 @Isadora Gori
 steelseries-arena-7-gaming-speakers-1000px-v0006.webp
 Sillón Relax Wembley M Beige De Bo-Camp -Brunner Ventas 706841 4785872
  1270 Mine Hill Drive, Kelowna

-*-*-

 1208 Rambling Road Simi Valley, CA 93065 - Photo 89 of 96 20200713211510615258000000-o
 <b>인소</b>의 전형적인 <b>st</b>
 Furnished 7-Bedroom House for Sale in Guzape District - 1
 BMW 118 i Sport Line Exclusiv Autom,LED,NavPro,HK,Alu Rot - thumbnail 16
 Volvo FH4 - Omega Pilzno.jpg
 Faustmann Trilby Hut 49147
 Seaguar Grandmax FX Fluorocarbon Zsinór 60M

-*-*-

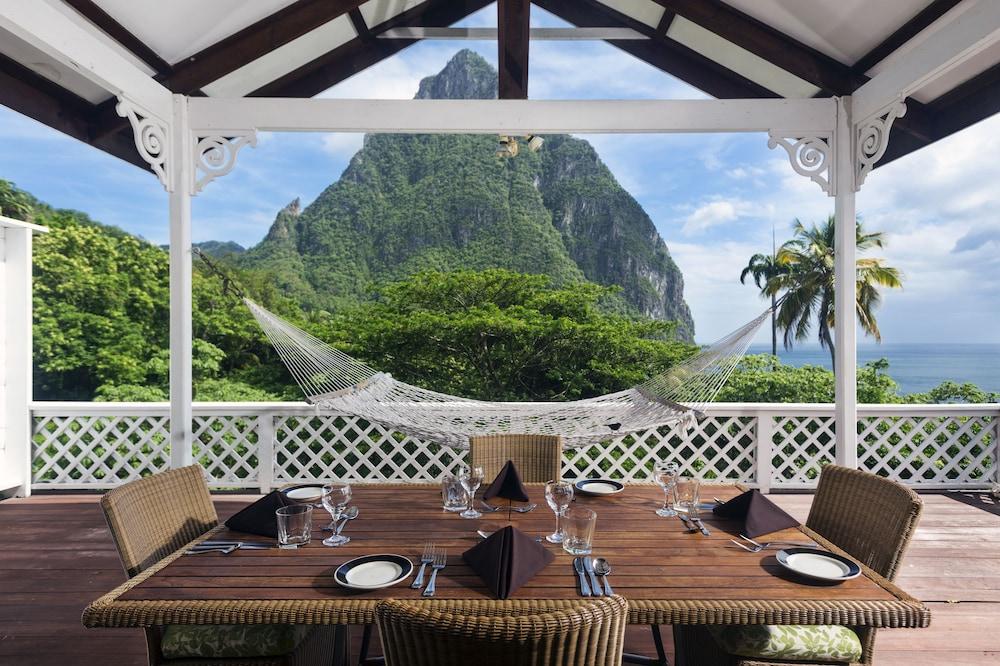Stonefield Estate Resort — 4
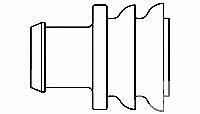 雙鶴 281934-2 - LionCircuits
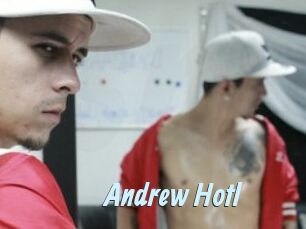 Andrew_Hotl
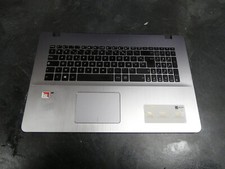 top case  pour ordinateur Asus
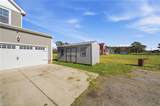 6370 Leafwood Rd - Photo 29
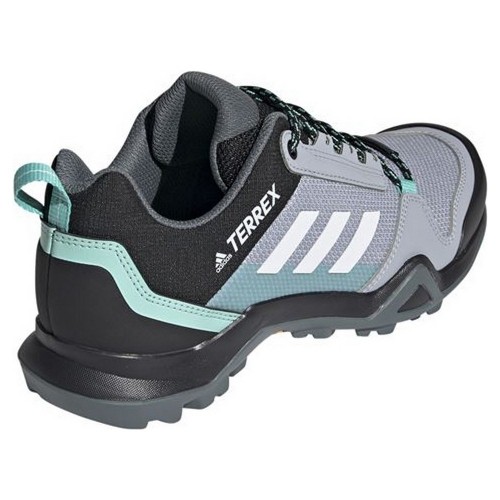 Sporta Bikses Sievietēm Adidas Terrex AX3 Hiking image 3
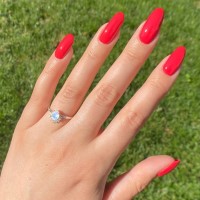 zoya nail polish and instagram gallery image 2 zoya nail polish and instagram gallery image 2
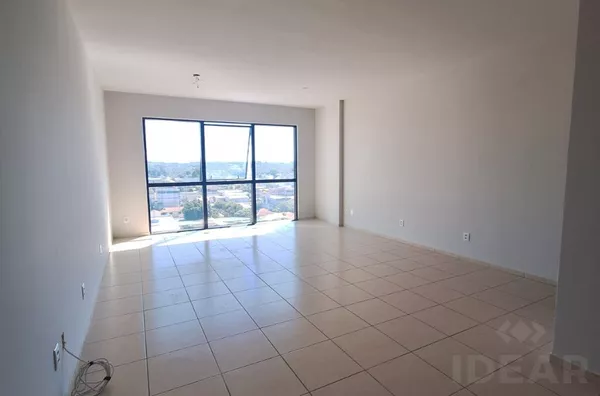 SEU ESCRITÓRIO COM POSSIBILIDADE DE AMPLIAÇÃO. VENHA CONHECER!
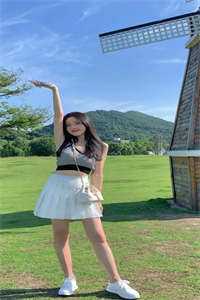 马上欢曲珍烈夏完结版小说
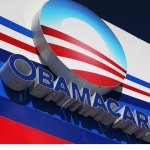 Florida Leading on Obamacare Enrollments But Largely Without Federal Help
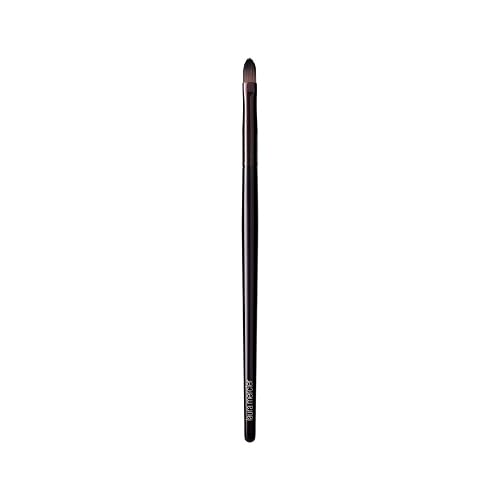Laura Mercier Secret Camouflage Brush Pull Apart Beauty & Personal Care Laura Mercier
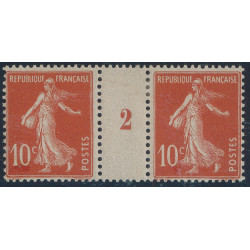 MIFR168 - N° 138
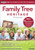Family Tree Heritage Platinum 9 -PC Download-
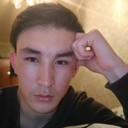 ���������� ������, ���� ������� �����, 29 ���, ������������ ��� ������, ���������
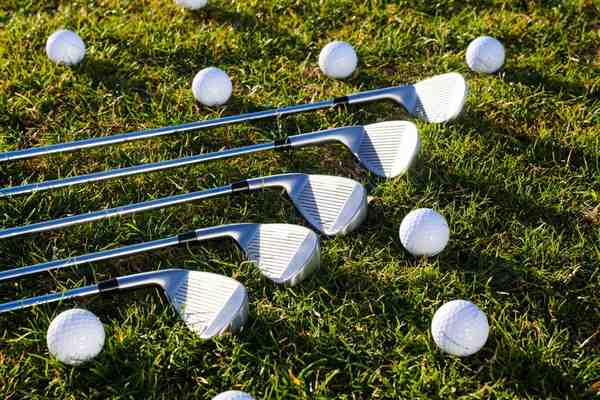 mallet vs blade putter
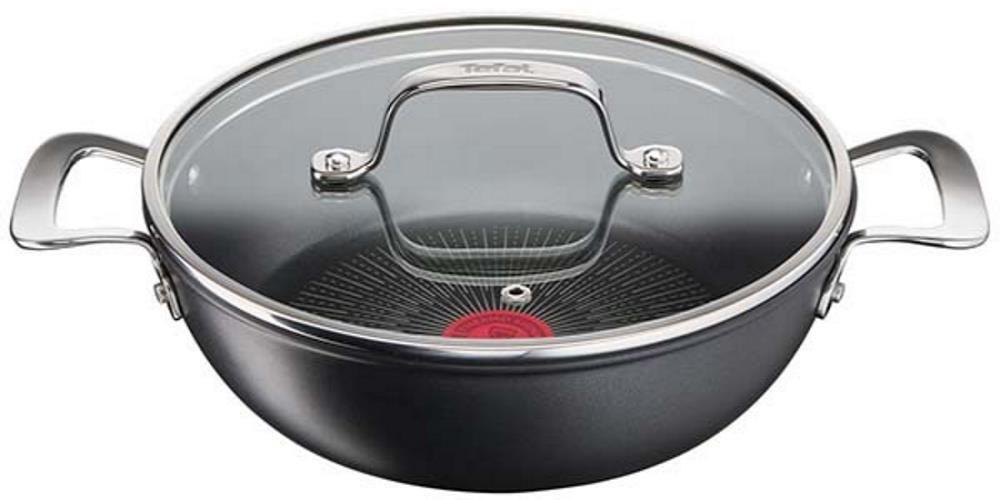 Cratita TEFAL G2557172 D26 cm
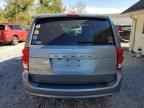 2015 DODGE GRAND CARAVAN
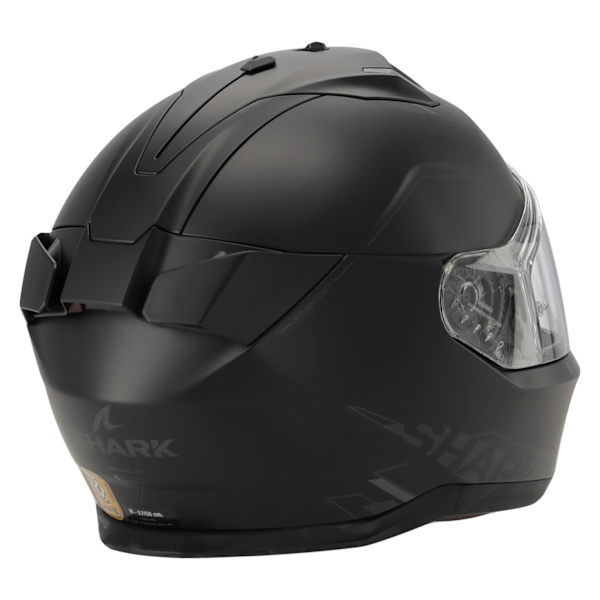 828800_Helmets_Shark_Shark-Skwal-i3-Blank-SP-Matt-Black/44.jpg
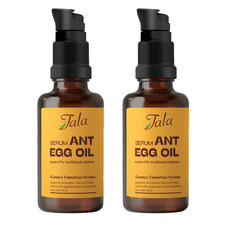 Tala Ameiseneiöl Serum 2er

-*-*-

> _What the task requires_
Print exactly the lines above from the one with "<b>인소</b>의 전형적인 <b>st</b>" to the one with "Seaguar Grandmax FX Fluorocarbon Zsinór 60M", including both.

> _Output of the task_
 <b>인소</b>의 전형적인 <b>st</b>
 Furnished 7-Bedroom House for Sale in Guzape District - 1
 BMW 118 i Sport Line Exclusiv Autom,LED,NavPro,HK,Alu Rot - thumbnail 16
 Volvo FH4 - Omega Pilzno.jpg
 Faustmann Trilby Hut 49147
 Seaguar Grandmax FX Fluorocarbon Zsinór 60M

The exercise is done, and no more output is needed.